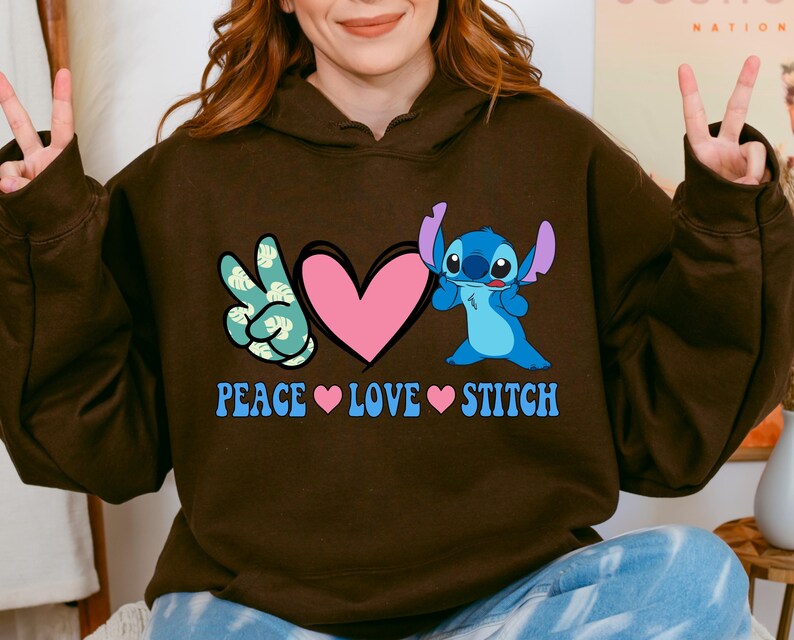 A woman wearing a brown hoodie with a graphic design featuring a peace sign and a heart, along with the text "PEACE LOVE STITCH".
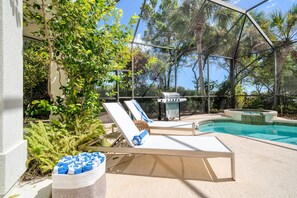 A pool area with lounge chairs, a barbecue grill, and a hot tub. - Miramar Manor by Avantstay Walk to the Beach! (Miramar Beach)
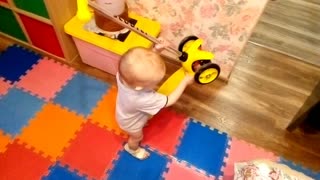 Funny baby and scooter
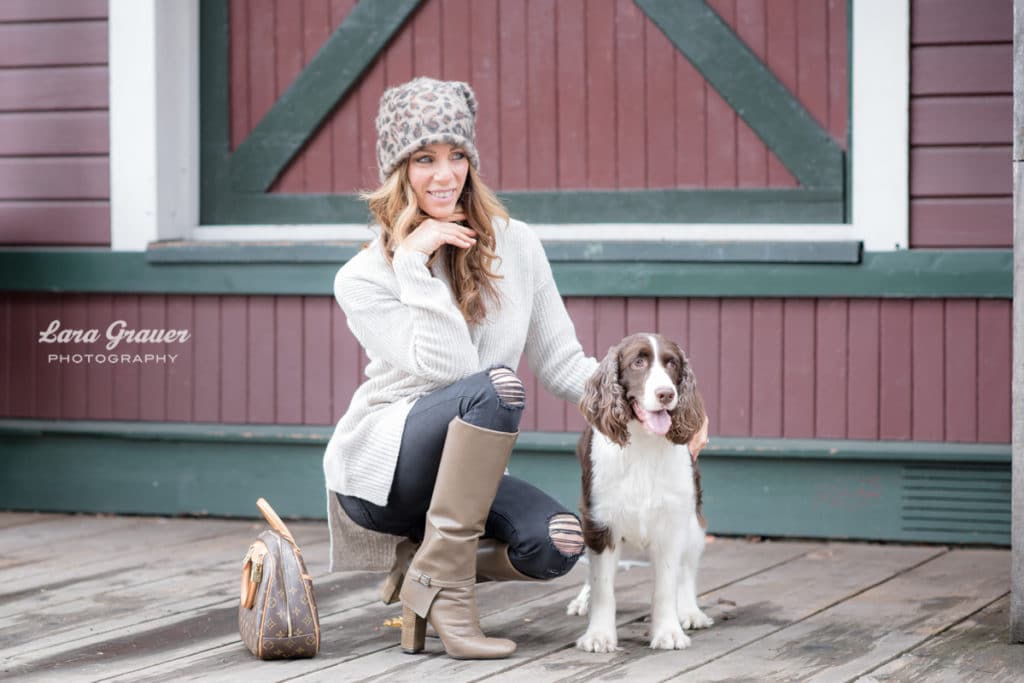 women in cheetah print hat kneeling and posing with her brown bag and white and brown bag dog.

About this task: With the pictures left out, give again exactly the lines from the one with "Funny baby and scooter" through the end of the data, both included.

Answer for the task:
 Funny baby and scooter
 women in cheetah print hat kneeling and posing with her brown bag and white and brown bag dog.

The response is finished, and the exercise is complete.